Second, some names that had previously been dismissed because they were not deemed conservative enough are back in the chatter. McCain told the Weekly Standard today that Tom Ridge is not disqualified by his pro-choice views - bringing up the name of the former Pennsylvania Governor voluntarily: “Tom Ridge is one of the great leaders and he happens to be pro-choice. And I don’t think that that would necessarily rule Tom Ridge out.” He compared Ridge’s chances to those of Mike Bloomberg in terms that appear to strike down the possibility that McCain pick the New York Mayor: “Bloomberg is pro-gay rights, pro, you know, a number of other issues.”

The other name that is coming up again these days is Joe Lieberman. The Connecticut Senator has always been mentioned as a potential pick - and one McCain would love to make - but one that he might not dare to. Lieberman is too liberal on a number of issues for that choice to go well with conservative activists, after all. But Lieberman is becoming an increasingly vocal critic of Obama - making noise yesterday for suggesting that he does not put his country first - and McCain said today that he would send Lieberman (and Lindsay Graham) off to Georgia.

That gets us to the following exhaustive list of everyone who could conceivably end on the tickets. The top-tier at this point is reserved for those names that are fully expected; the second-tier for names that have been discussed at length over the past few weeks but that have faded a bit in the final stretch; and the long shots are names that have been mentioned but that would be very unexpected. For Republicans:

  • Top-tier: Crist, Pawlenty, Romney
  • Second-tier: Fiorina, Jindal, Lieberman, Palin, Portman, Ridge, Sanford, Thune, Whitman
  • Long shots: Bloomberg, Cantor, Cox, Graham, Huckabee, Hutchinson, Kasich, Perdue, Fred Smith, Snow

And for Democrats:

  • Top-tier: Biden, Kaine, Bayh
  • Second-tier: Clark, Clinton, Dashle, Dodd, Chet Edwards, Hagel, Nunn, Reed, Richardson, Sebelius (the latter is hovering between the first and second tiers)
  • Long shots: Bloomberg, Casey, Jones, McCaskill, Napolitano, Bill Nelson, Rendell, Schweitzer, Veneman

Most recent VP headlines:

  • August 3rd: Speculation on timing and a new name in the GOP veepstakes
  • July 29th: Kaine rising and Clinton fading
  • July 27th: Veepstakes are entering their last stretch

VP Watch: Timing speculation and a new name in GOP veepstakes

We are now five days from the Olympics’ opening ceremony, and still no sign from either of the presidential campaigns that they are ready to announce their vice-presidential picks. If they do not announce their running-mate in the next 48 to 72 hours, they will have to wait for the Olympics’ hype to decrease a bit before any announcement.

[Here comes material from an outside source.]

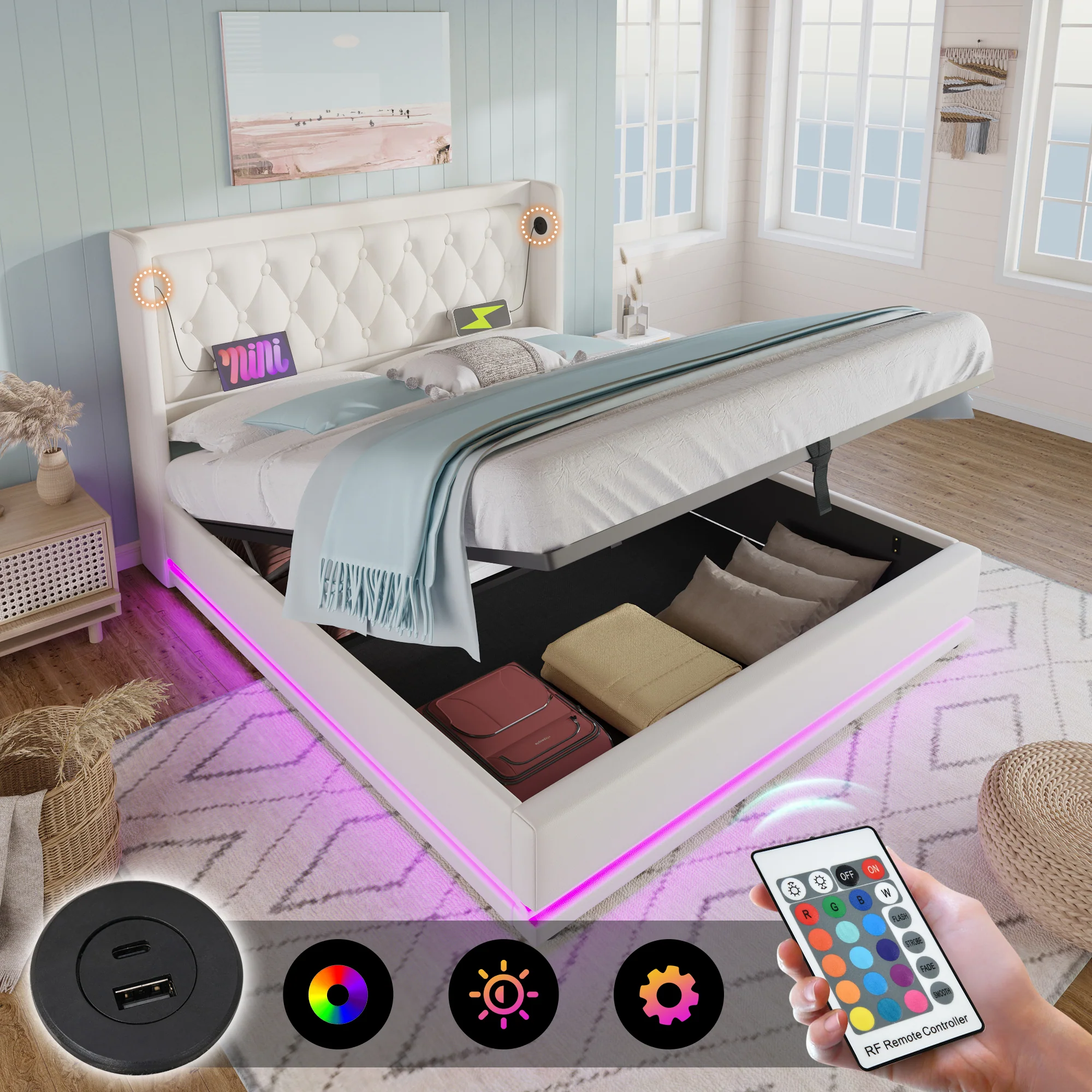 Upholstered Double Bed 140x200cm, Hydraulic Storage, USB-C Charging, 3-Sided LED, White PU - Image 5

That would mean that both campaigns would have voluntarily given up a chance to roll out their vice-presidential nominees at a time they would easily grab all the headlines and own the news cycle and both would set themselves up for complicated PR maneuvers if they want to get significant media coverage. The Obama campaign would be forced to announce its pick during the Olympics (the Democratic convention starts soon after the closing ceremony) and the McCain campaign would have to announce either during the Olympics or the day after Obama’s acceptance speech - in both cases forcing them to compete with other major story lines.

Announcing in the next two days could be especially helpful for the Obama campaign. For the first time of the general election campaign, they lost control of their message last week and were on the defensive. Racial issues are now moving to the front of the political conversation - and everyday that happens is a potential disaster for Obama. The vice-presidential pick could allow Democrats to take back control of the campaign narrative, move on from the distractions of the past week (the German troop visit, the celebrity ad, the race card) and own the week leading up to the Olympics.

Yet, the campaign doesn’t seem as ready to make its pick as we assumed last week, when speculation was mounting that both campaigns were reaching the final stages of their decision-making processes and that the Obama campaign had narrowed its list to a few names, including Virginia Governor Tim Kaine. Now, The Washington Post reports that Obama’s vetting process might not be as advanced as we previously thought and that Obama’s much-publicized three hour meetings with his vetting staff was not meant to come to a final decision, and that the list Obama is playing with is longer than thought.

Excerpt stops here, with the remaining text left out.